§ **DATA**
>>>

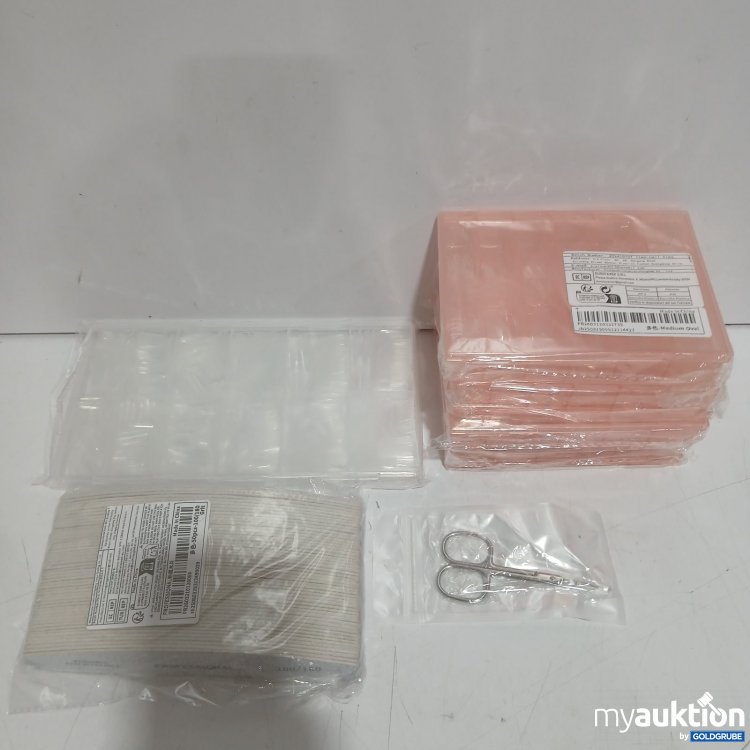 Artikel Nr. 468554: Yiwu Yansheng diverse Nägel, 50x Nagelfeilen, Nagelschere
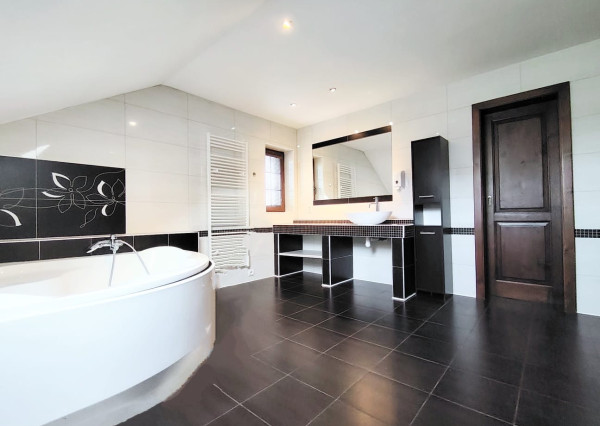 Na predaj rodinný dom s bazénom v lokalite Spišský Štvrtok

<<<
>>>

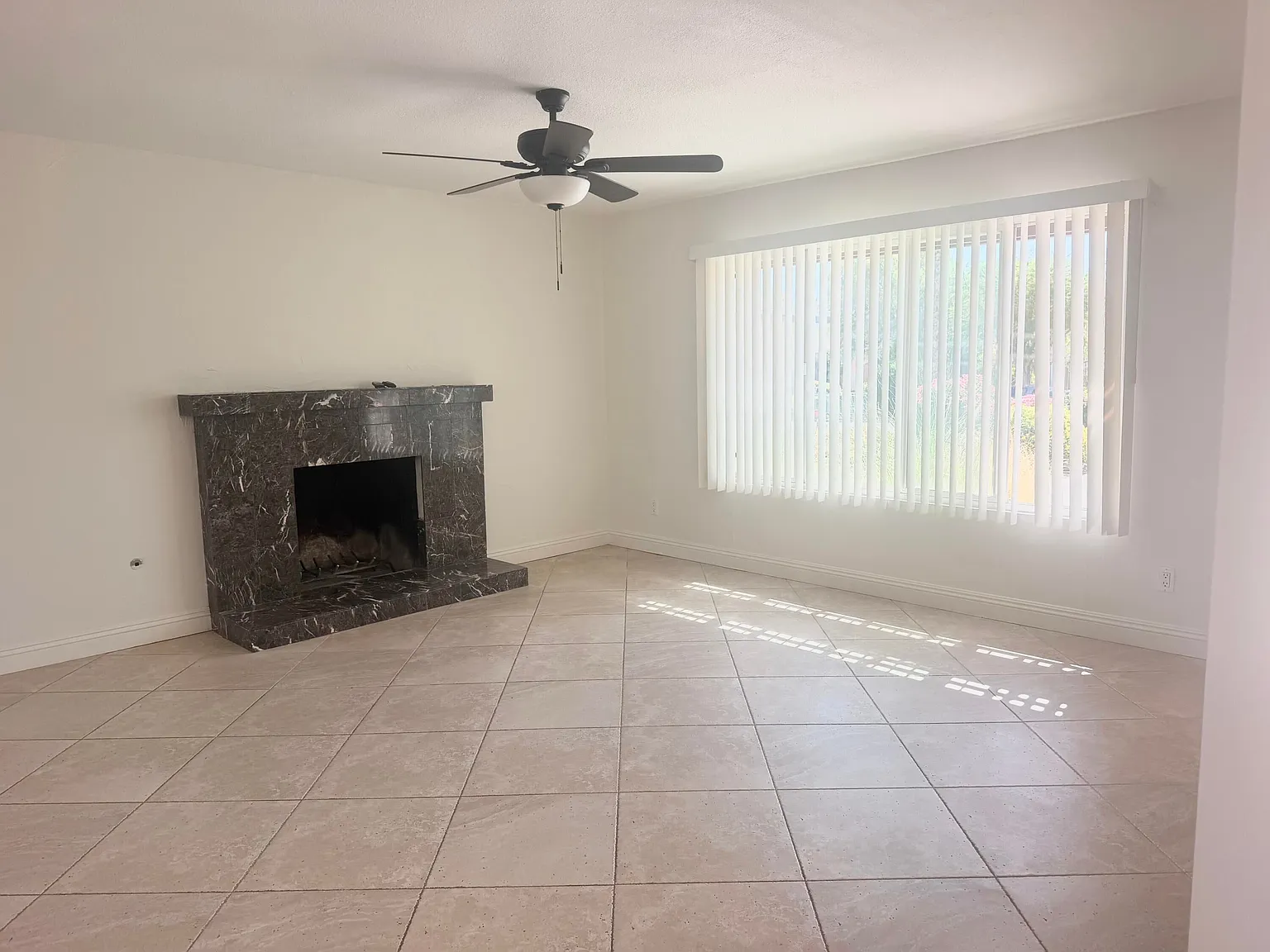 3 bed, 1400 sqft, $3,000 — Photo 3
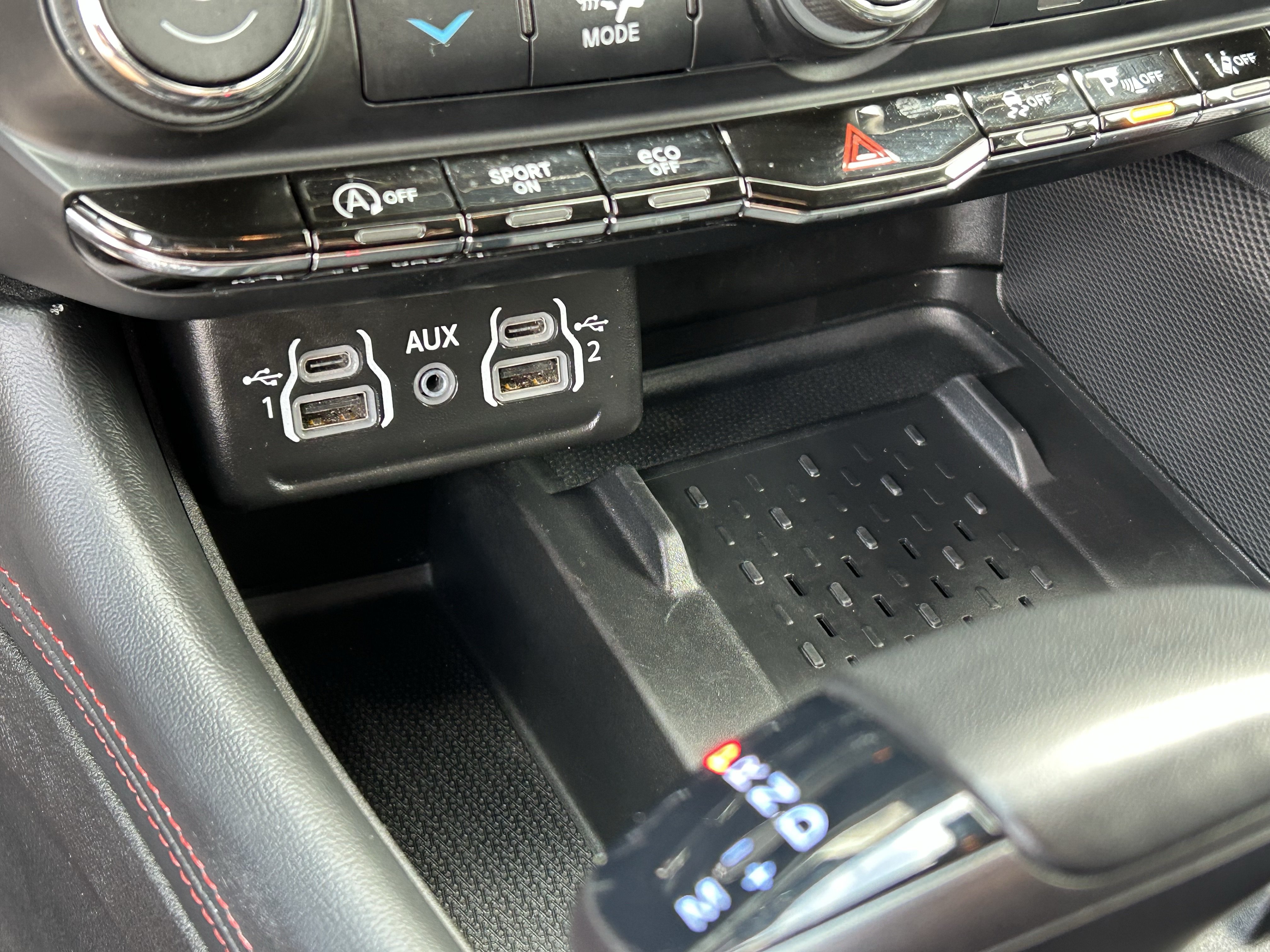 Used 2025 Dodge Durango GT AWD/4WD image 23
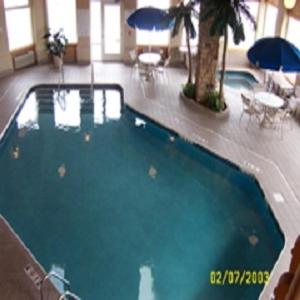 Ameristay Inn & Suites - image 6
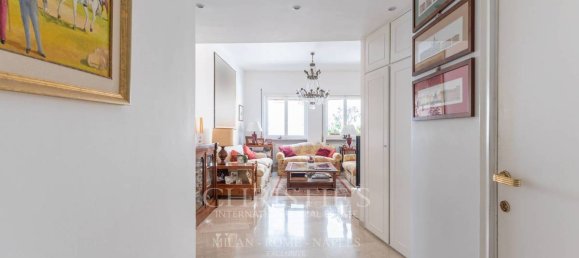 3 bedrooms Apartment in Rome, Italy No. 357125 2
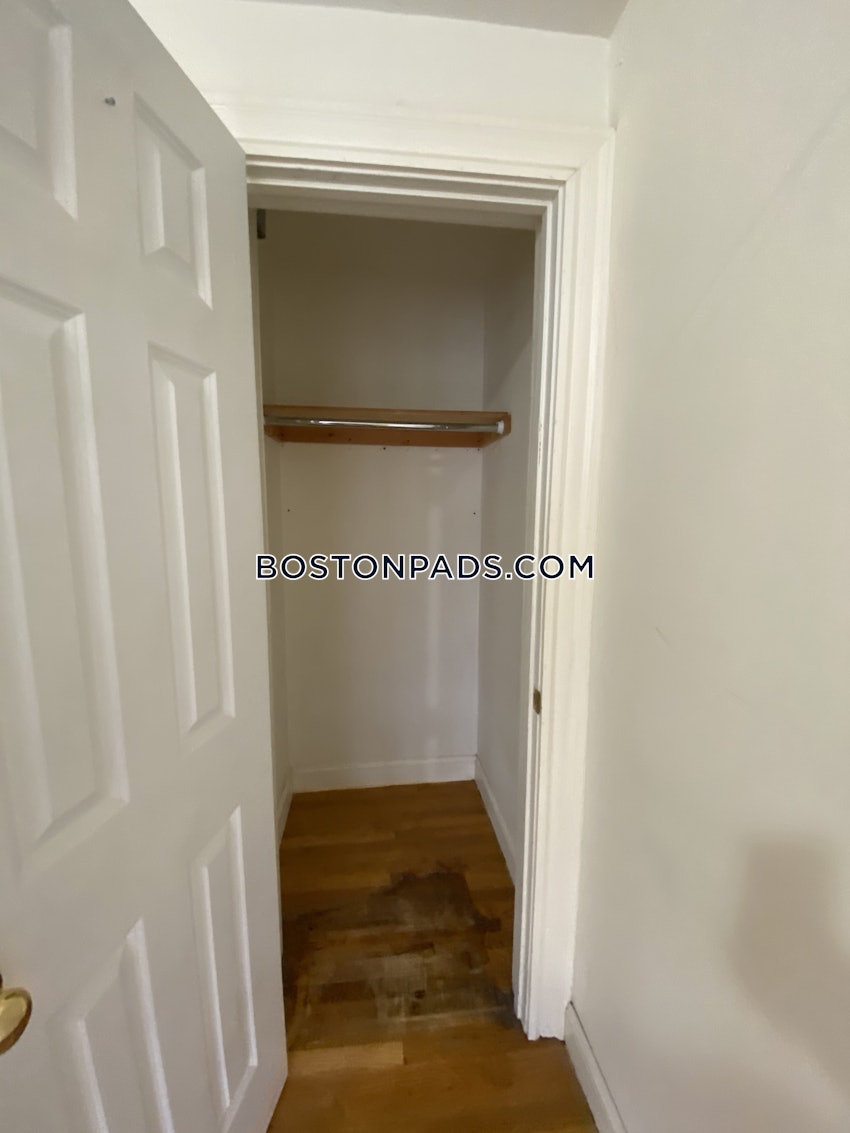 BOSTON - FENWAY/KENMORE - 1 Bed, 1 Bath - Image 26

<<<
>>>

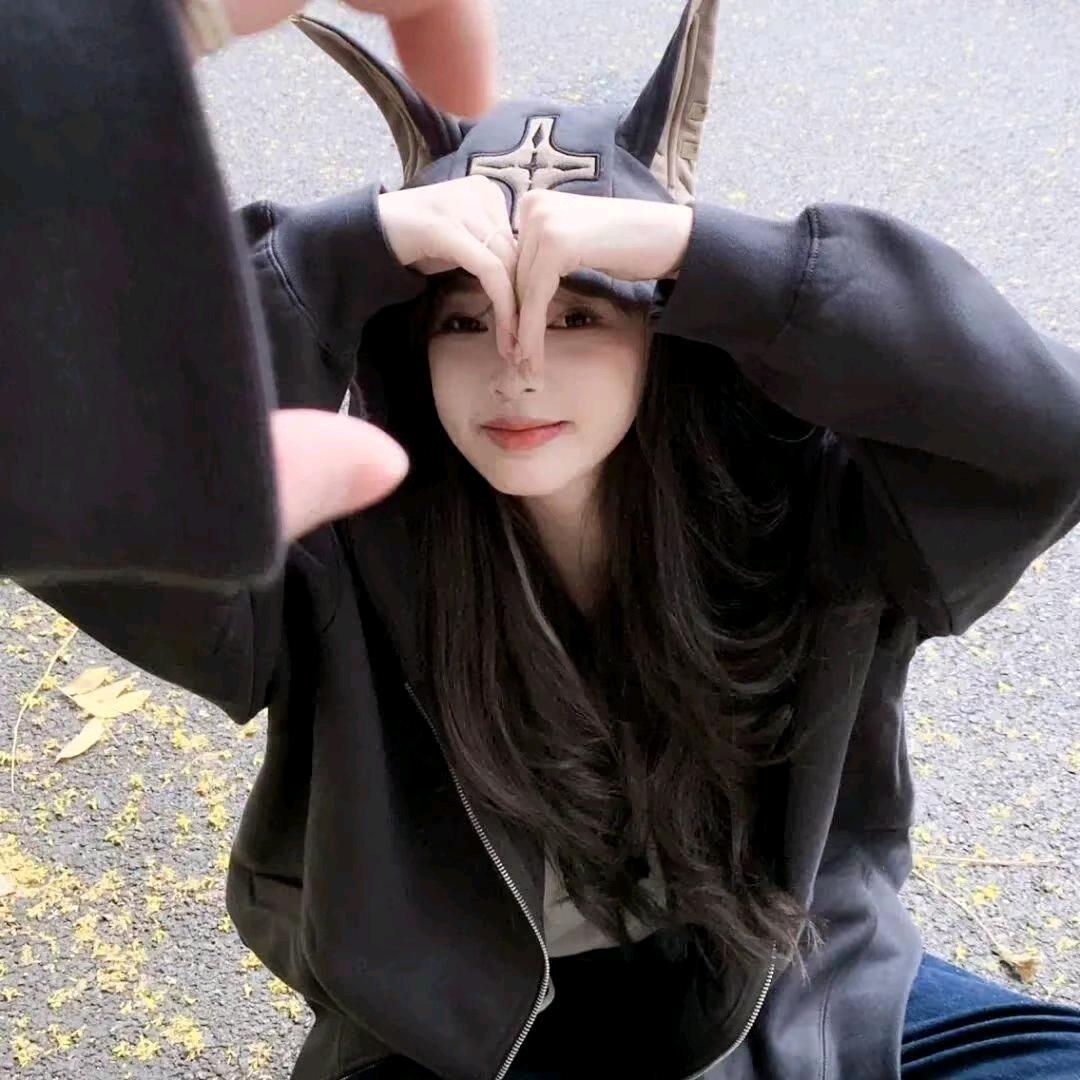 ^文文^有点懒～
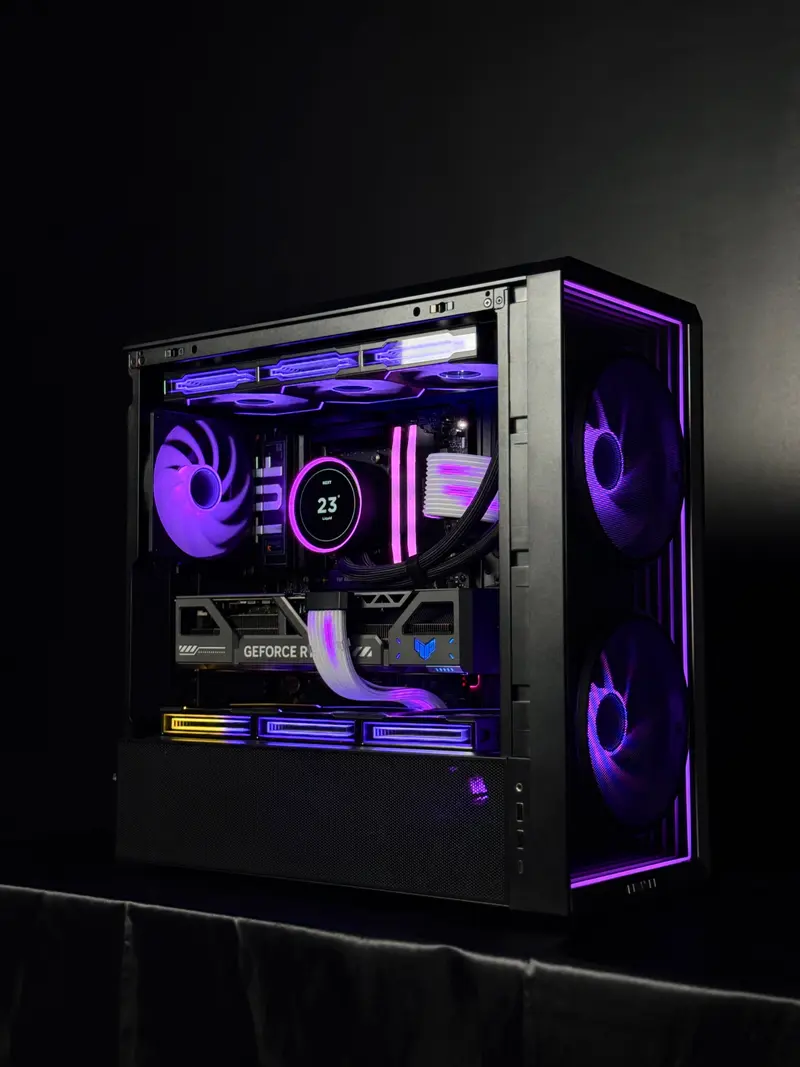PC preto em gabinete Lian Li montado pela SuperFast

<<<

§ **DIRECTIONS FOR THIS TASK**
In the data above, take the line with "Artikel Nr. 468554: Yiwu", the line with "Na predaj rodinný", and every line between, and set them down exactly without pictures.

§ **TASK SOLUTION**
 Artikel Nr. 468554: Yiwu Yansheng diverse Nägel, 50x Nagelfeilen, Nagelschere
 Na predaj rodinný dom s bazénom v lokalite Spišský Štvrtok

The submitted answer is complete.